Records for the task: Begin
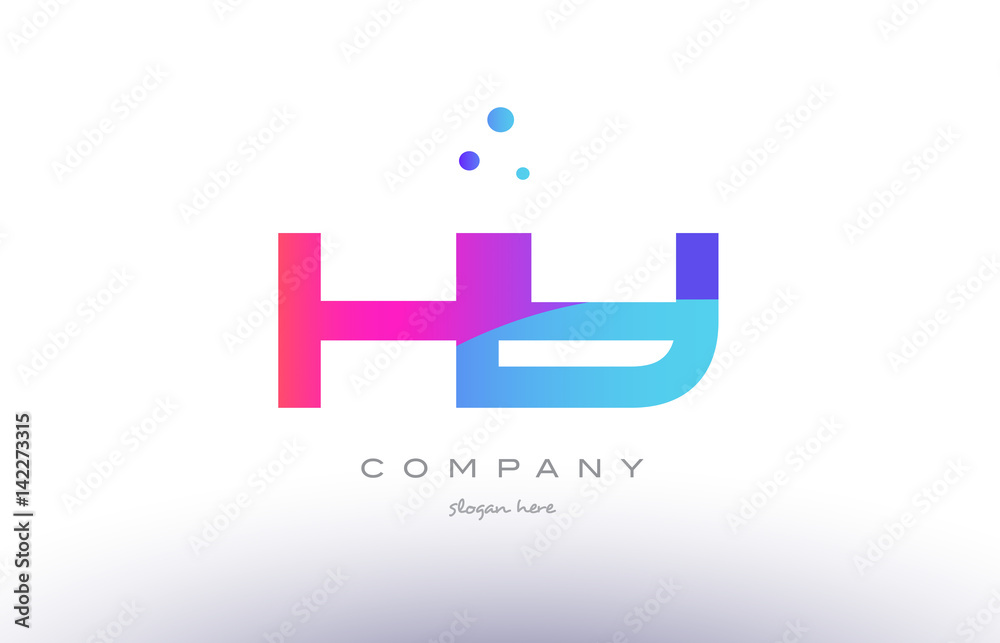 hy h y  creative pink blue modern alphabet letter logo icon template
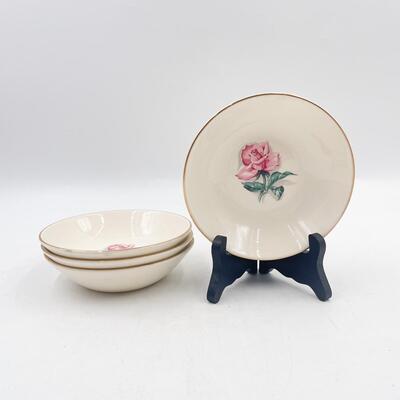 TAYLOR SMITH TAYLOR VERSATILE CHINA PINK ROSE 5â€ BOWLS (4)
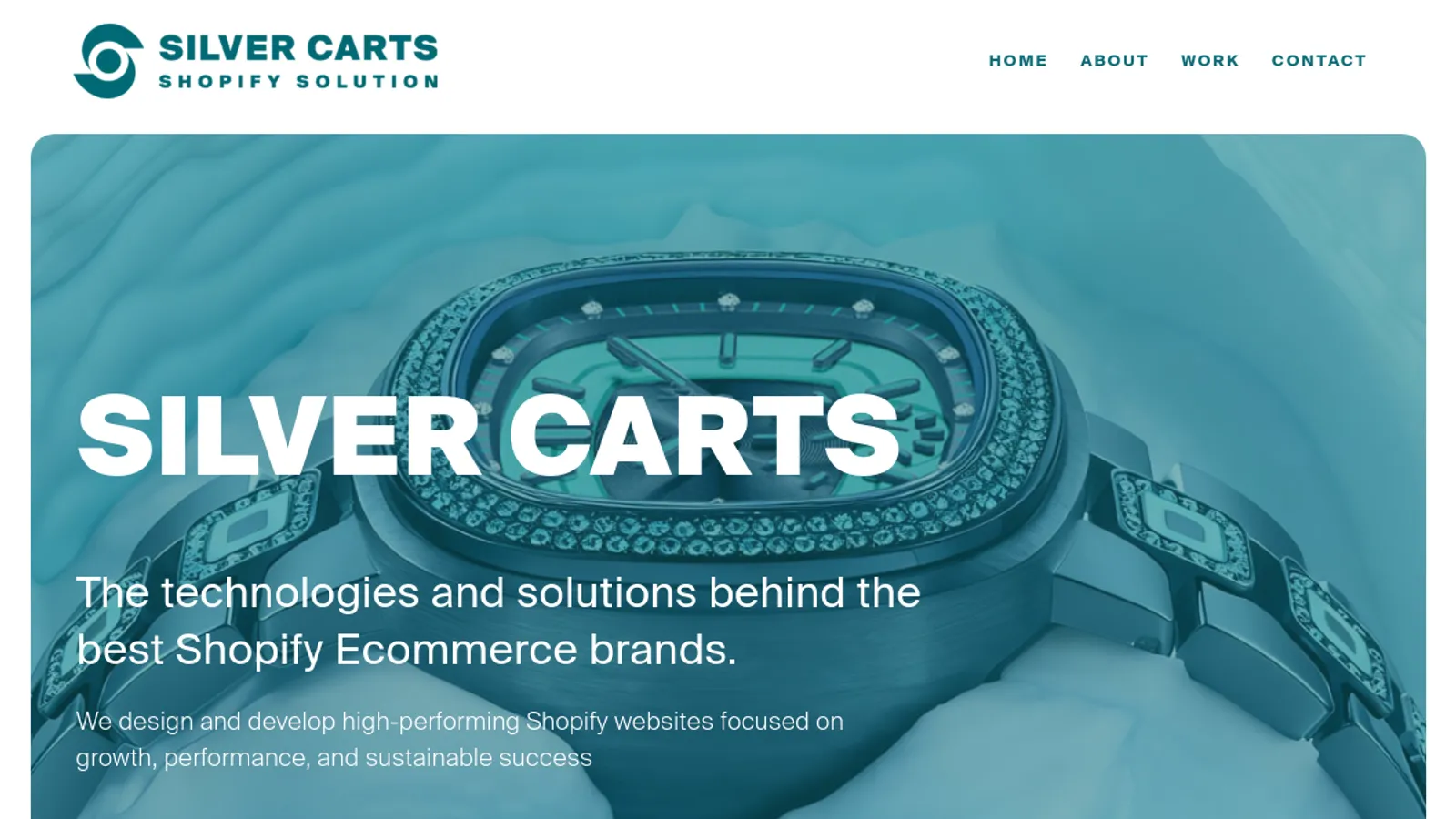 Screenshot of the Silver Carts homepage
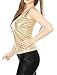 Allegra K Women's Halloween Shiny Party Club Cami Sparkly Metallic Tank Top Medium Gold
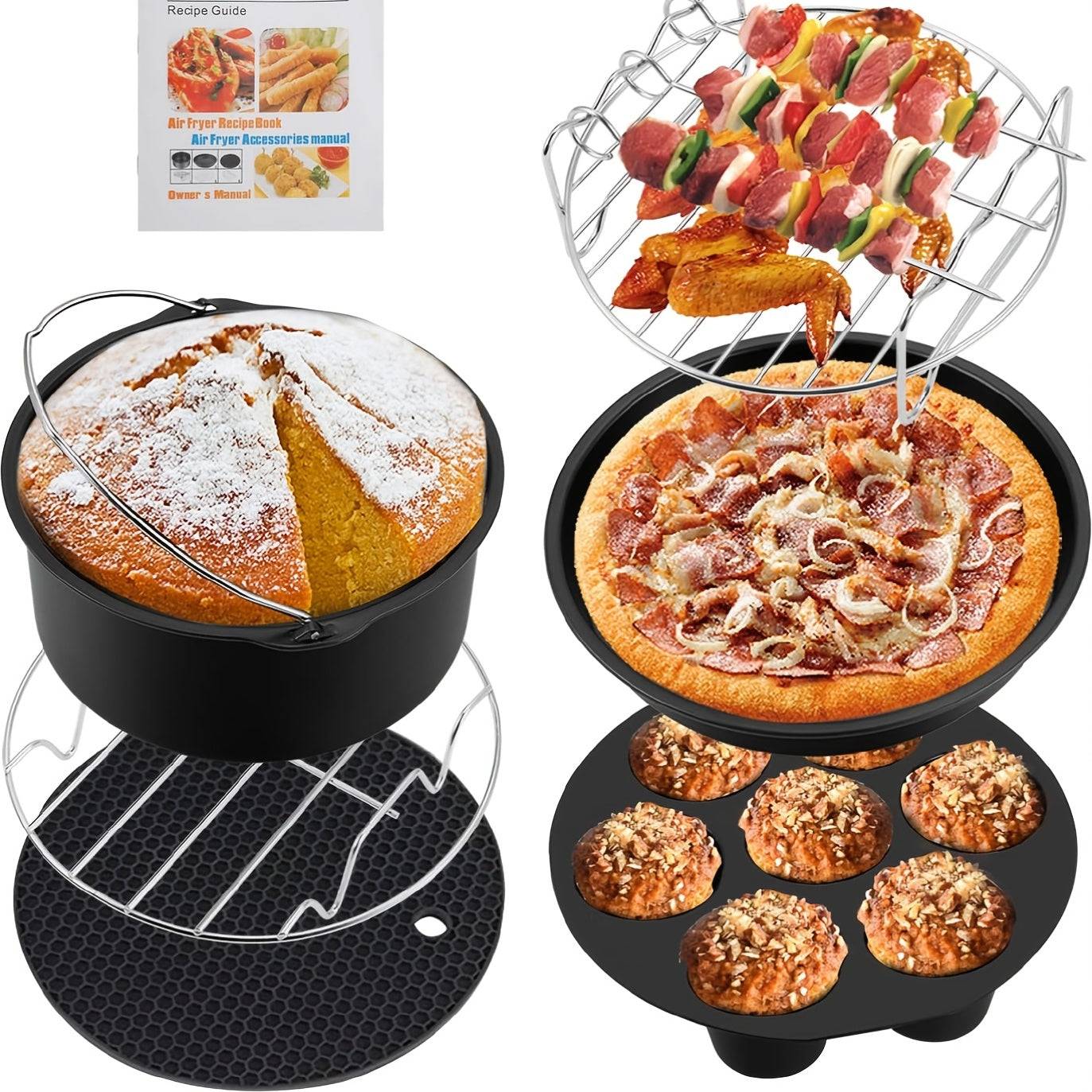 7-Piece Air Fryer Accessories Set 8" Egg Bites Mold, Pizza Pan, Cake Barrel, Skewer Rack & Silicone Mat Nonstick & Dishwasher Safe for 3.5Qt–5.8Qt Air Fryers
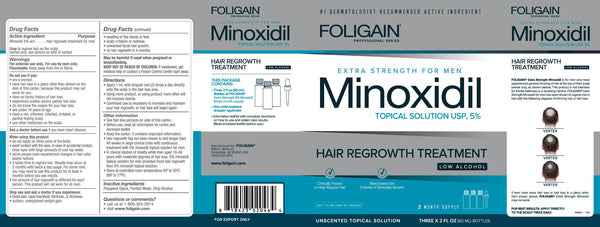 FOLIGAIN Low Alcohol Minoxidil 5% Hair Regrowth Treatment For Men 6 Month Supply - FOLIGAIN UK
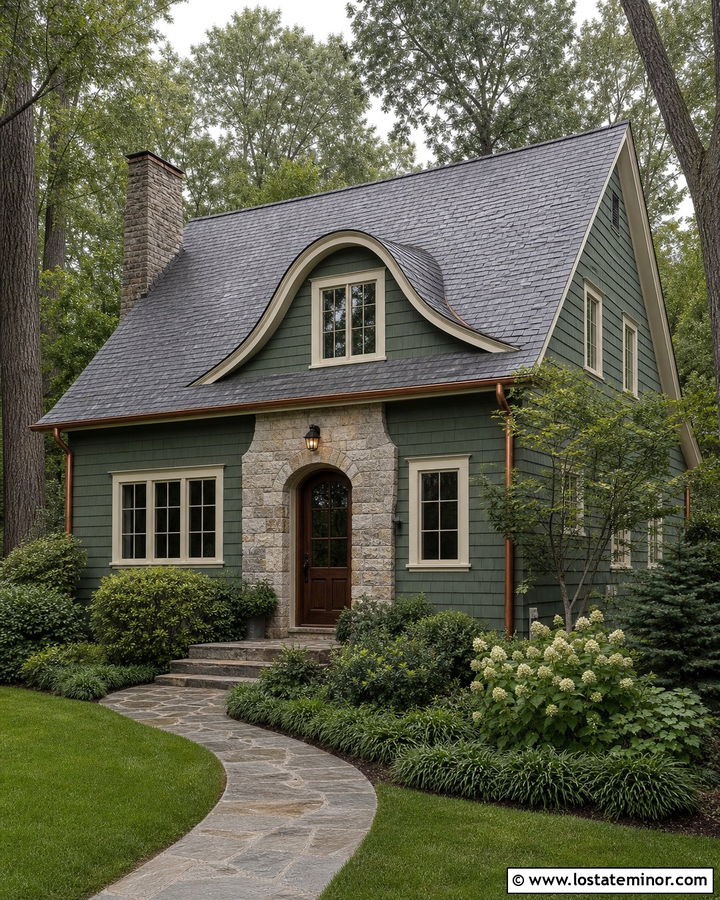 Dark Sage Green House With Eyebrow Dormer - 30 Sage Green House Design With Dormers Ideas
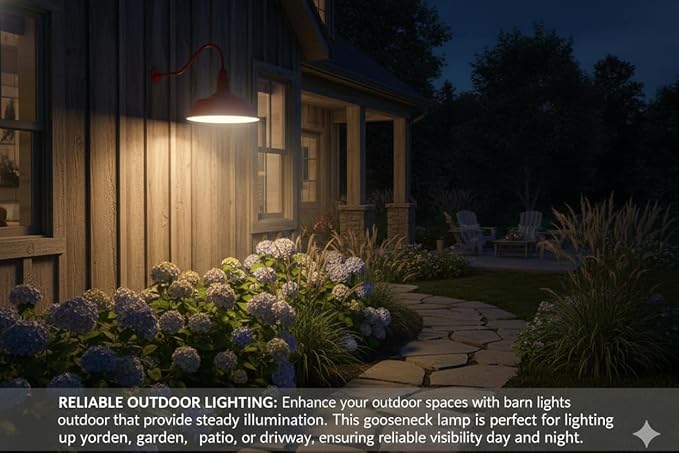 AGB101-AS20-RED Gooseneck Barn Light - Red Outdoor Dome with Incandescent Downlight | Wall-Mount Fixture for Patios Gardens Pathways and Large Outdoor Living Spaces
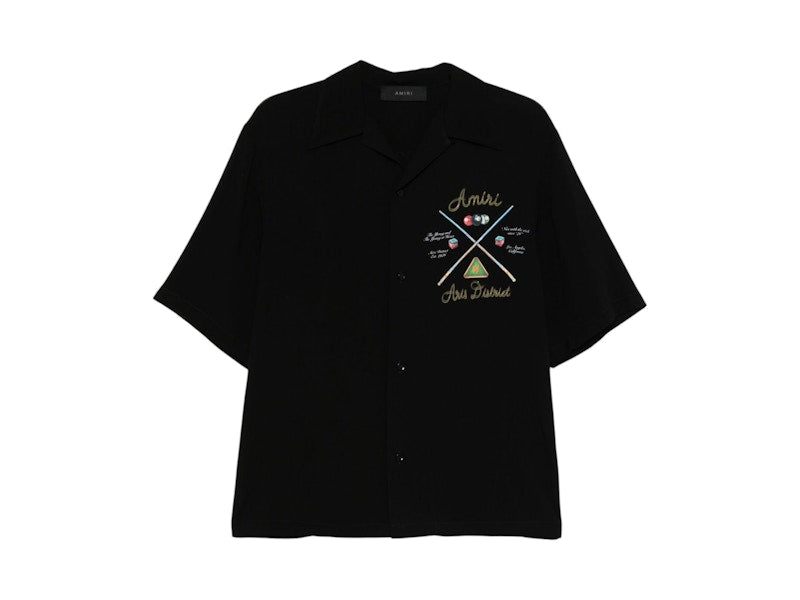 AMIRI Pool Cue Bowling Shirt Black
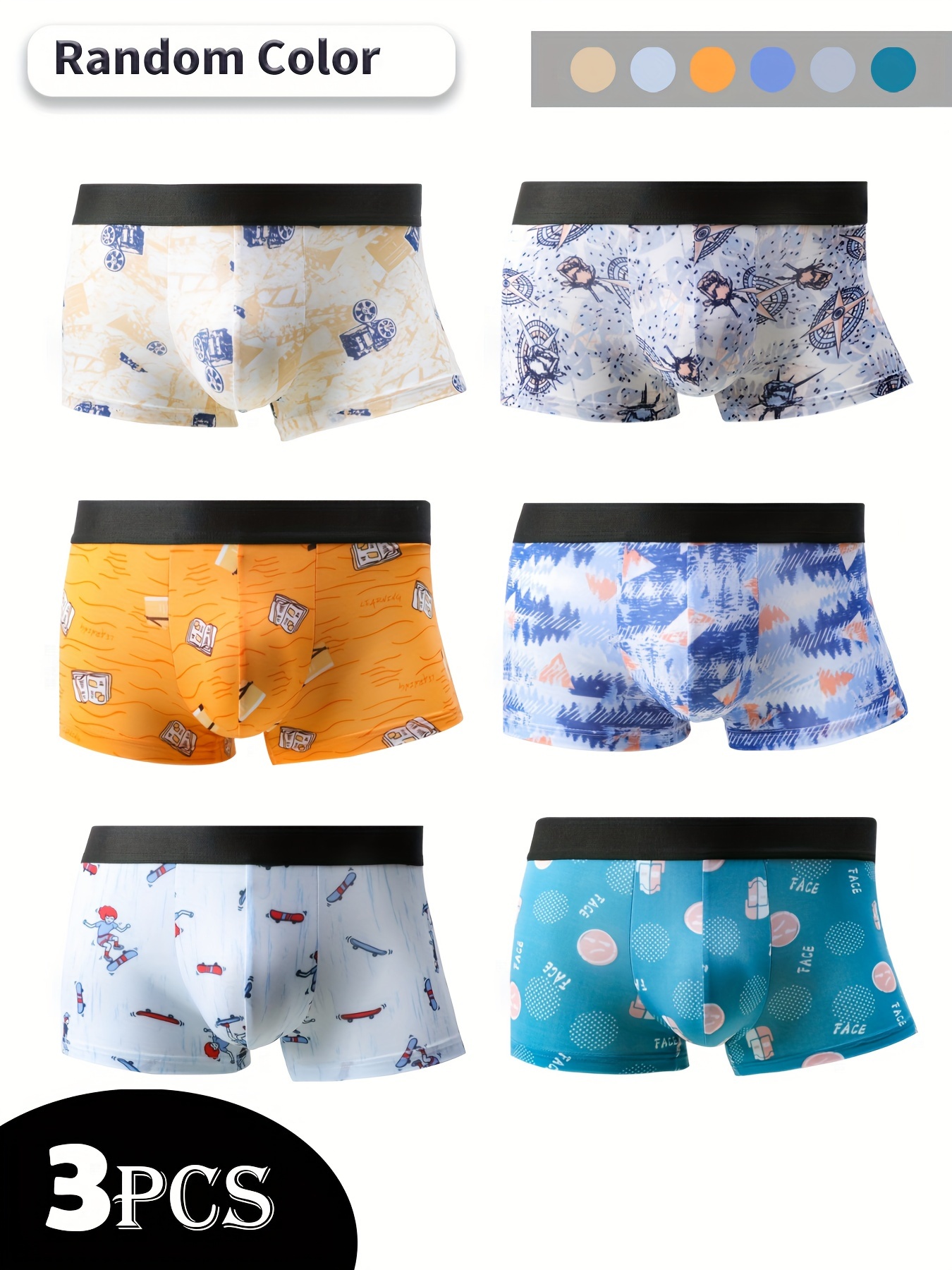 Random Style Men's Underwear Ice Silk Cool Boxer Briefs - Temu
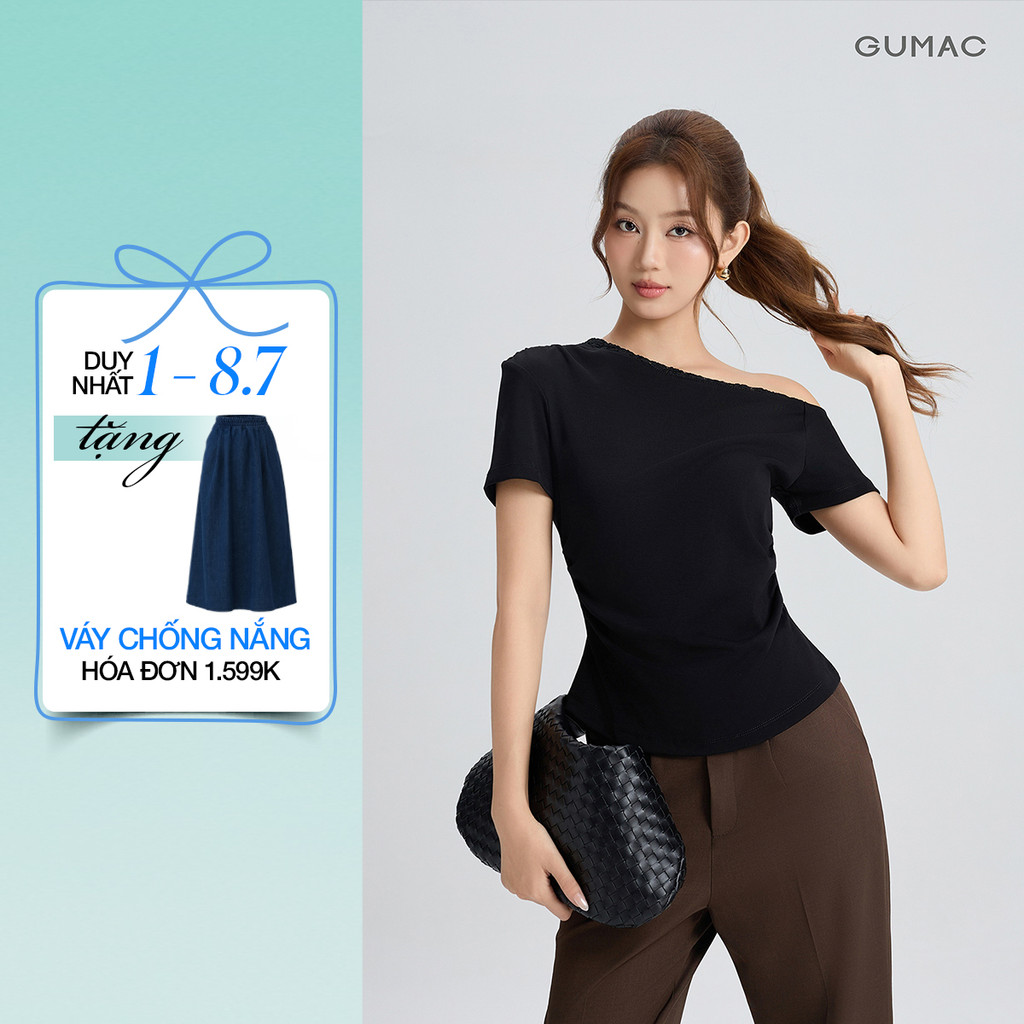 Áo Thun Kiểu Nữ Gmorning - GUMAC Trễ Vai Phối Ren Cùng Màu Nhún Hai Bên Sườn Tôn Dáng YATG06001
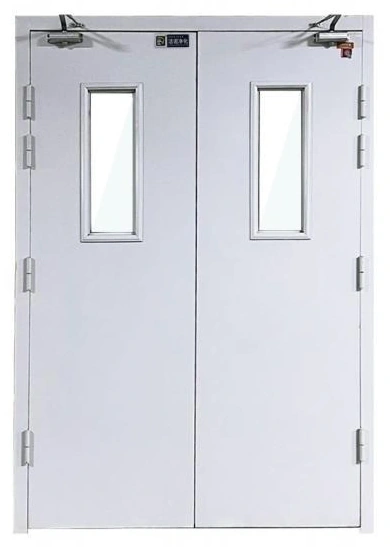 Paired steel insulated doors with narrow glazed panels and overhead closers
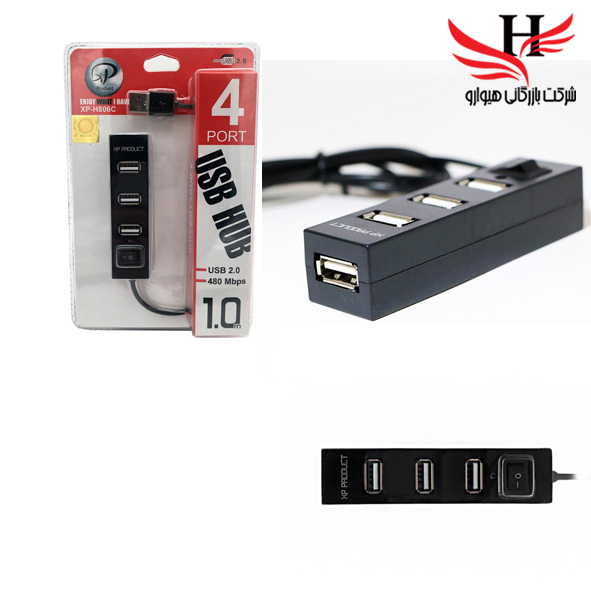 تصویر هاب سيم دار ايکس پي 4 پورت xp-806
Records for the task: End
● Problem details
Could you repeat all of the data exactly, minus the pictures?

● Response to the task
 hy h y  creative pink blue modern alphabet letter logo icon template
 TAYLOR SMITH TAYLOR VERSATILE CHINA PINK ROSE 5â€ BOWLS (4)
 Screenshot of the Silver Carts homepage
 Allegra K Women's Halloween Shiny Party Club Cami Sparkly Metallic Tank Top Medium Gold
 7-Piece Air Fryer Accessories Set 8" Egg Bites Mold, Pizza Pan, Cake Barrel, Skewer Rack & Silicone Mat Nonstick & Dishwasher Safe for 3.5Qt–5.8Qt Air Fryers
 FOLIGAIN Low Alcohol Minoxidil 5% Hair Regrowth Treatment For Men 6 Month Supply - FOLIGAIN UK
 Dark Sage Green House With Eyebrow Dormer - 30 Sage Green House Design With Dormers Ideas
 AGB101-AS20-RED Gooseneck Barn Light - Red Outdoor Dome with Incandescent Downlight | Wall-Mount Fixture for Patios Gardens Pathways and Large Outdoor Living Spaces
 AMIRI Pool Cue Bowling Shirt Black
 Random Style Men's Underwear Ice Silk Cool Boxer Briefs - Temu
 Áo Thun Kiểu Nữ Gmorning - GUMAC Trễ Vai Phối Ren Cùng Màu Nhún Hai Bên Sườn Tôn Dáng YATG06001
 Paired steel insulated doors with narrow glazed panels and overhead closers
 تصویر هاب سيم دار ايکس پي 4 پورت xp-806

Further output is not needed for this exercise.